━━━━━ Records for this exercise
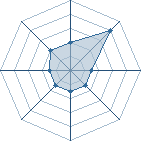 Potentiel de shikamaru6689 � l'Ar�ne #17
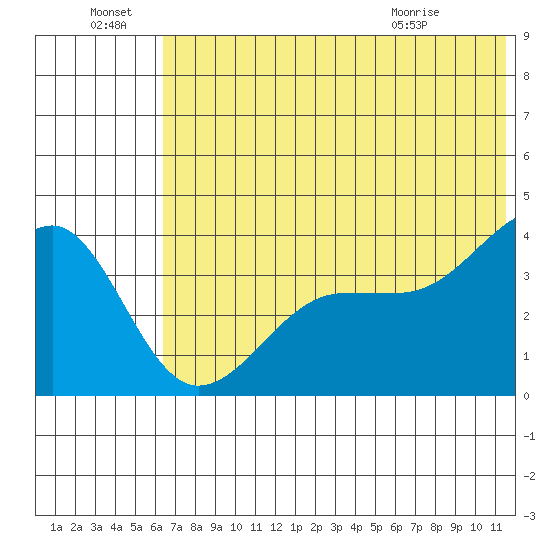 St. Catherine Cove tide chart for Friday, July 8, 2022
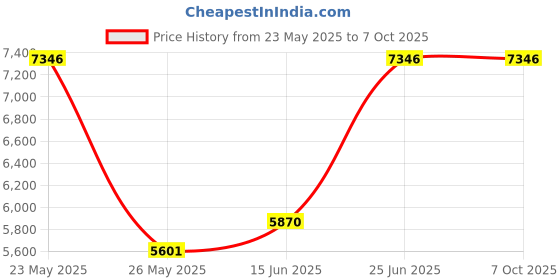 amazon.in PATIKIL 10Pcs 6cm Qualitative Filter Paper Roll, Fast Speed DIY Laboratory Filter Paper Chemical Industrial Oil Testing Funnel Filter Paper Price History Graph from 23 May 2025 to 7 Oct 2025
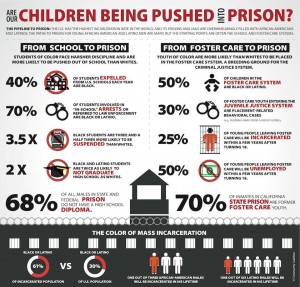 school to prison to pipeline stats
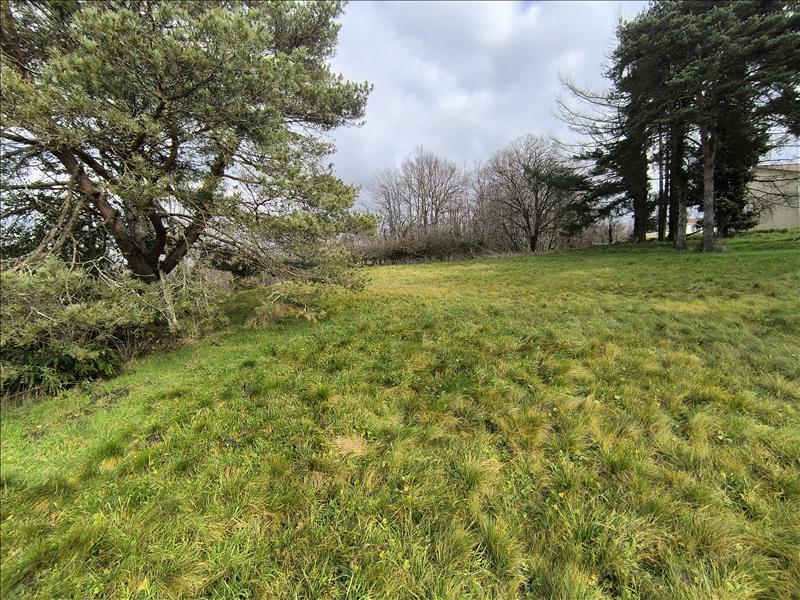 Vente Terrain CARDAILLAC - -2730 m² - (46100)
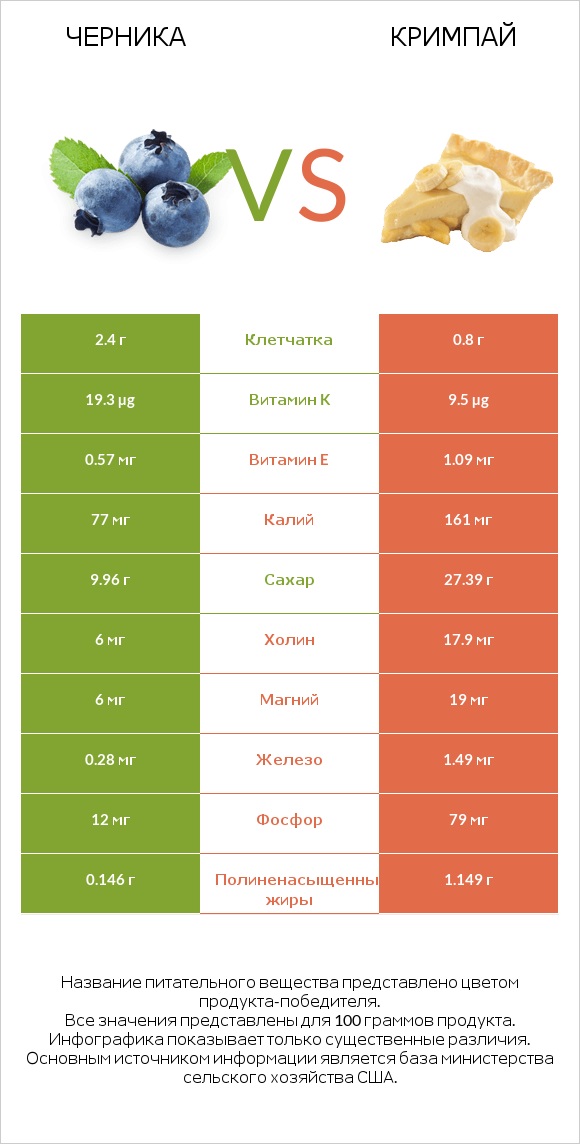 Черника vs Кримпай infographic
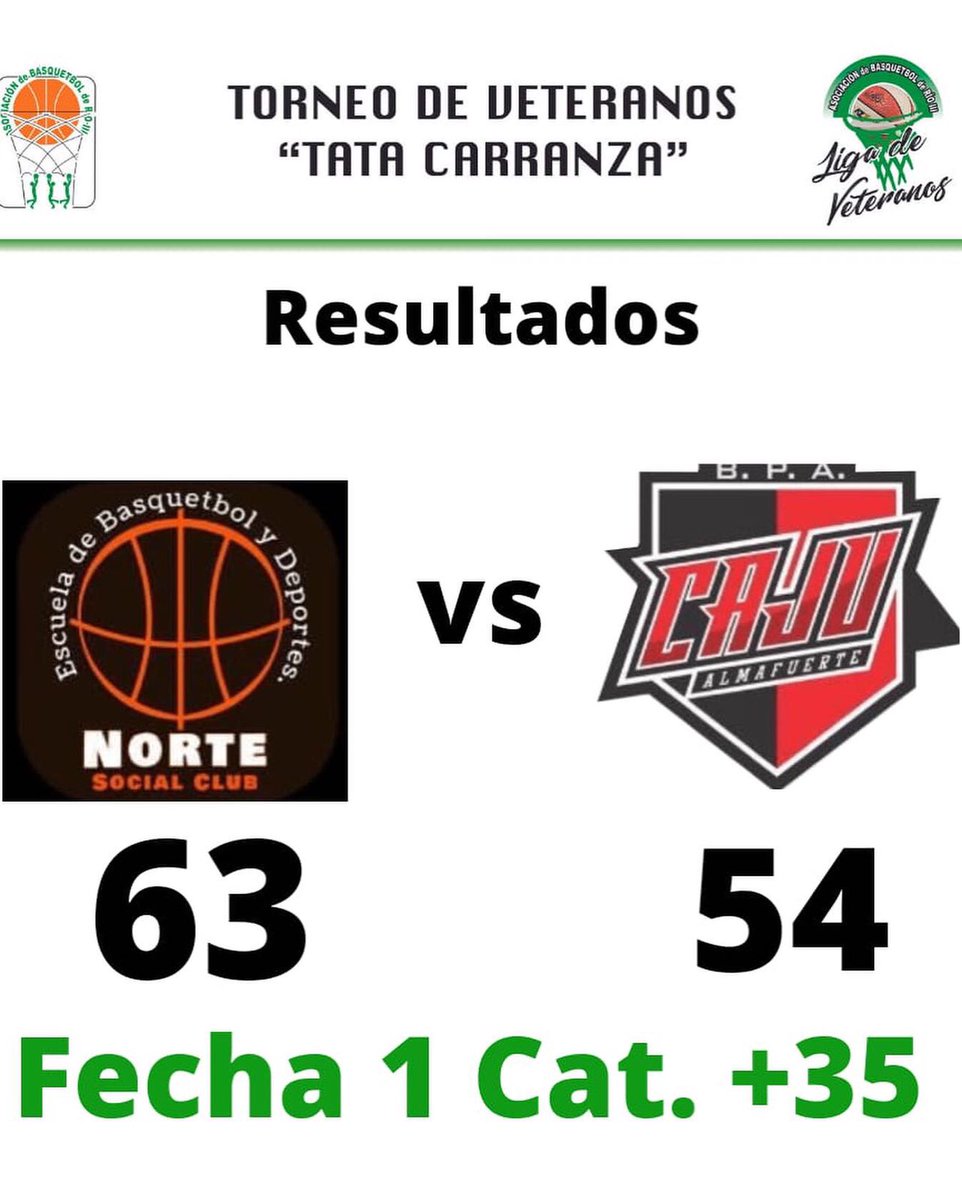 BasquetPlaneta's tweet photo. Arrancó el torneo de veteranos "Tata Carranza" que organiza la #ABRT con estos resultados: https://t.co/UCDlyuE3Sm
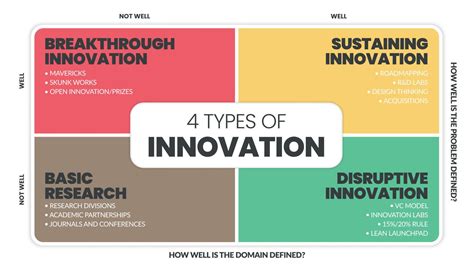 Conclusion: AWS's Calculated Approach to Innovation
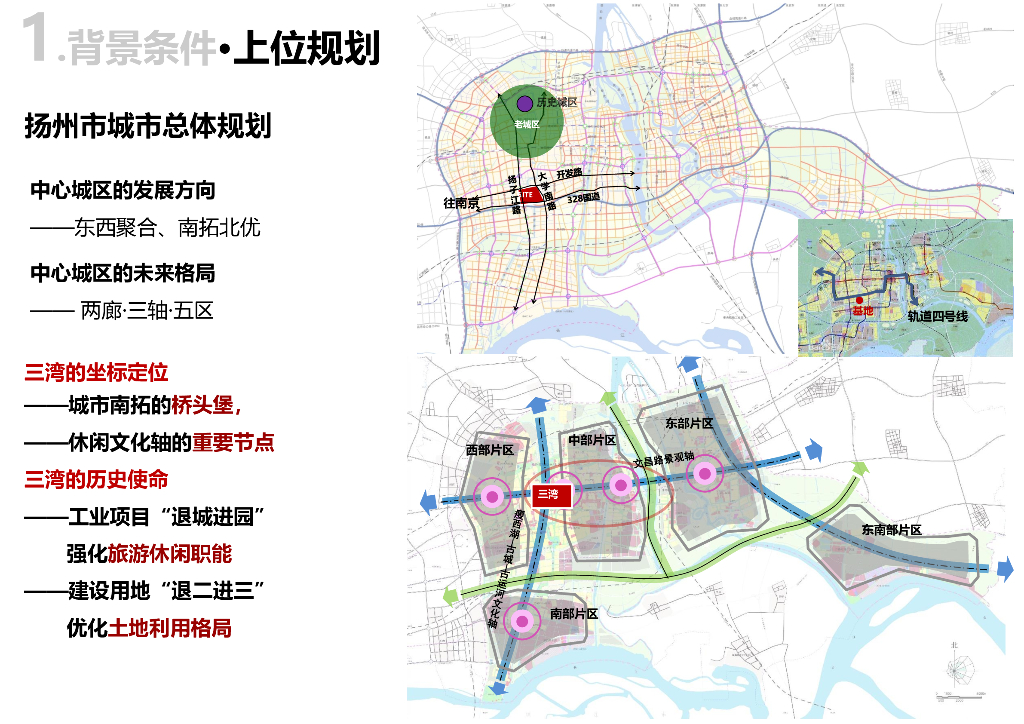 现代生态居住产业融合新城项目城市设计方案_第10页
━━━━━━━━━━
**Work task**
Exclude all pictures and return precisely the lines from the one containing "school to prison to pipeline stats" through the closing line of the data.

**Exercise response**
 school to prison to pipeline stats
 Vente Terrain CARDAILLAC - -2730 m² - (46100)
 Черника vs Кримпай infographic
 BasquetPlaneta's tweet photo. Arrancó el torneo de veteranos "Tata Carranza" que organiza la #ABRT con estos resultados: https://t.co/UCDlyuE3Sm
 Conclusion: AWS's Calculated Approach to Innovation
 现代生态居住产业融合新城项目城市设计方案_第10页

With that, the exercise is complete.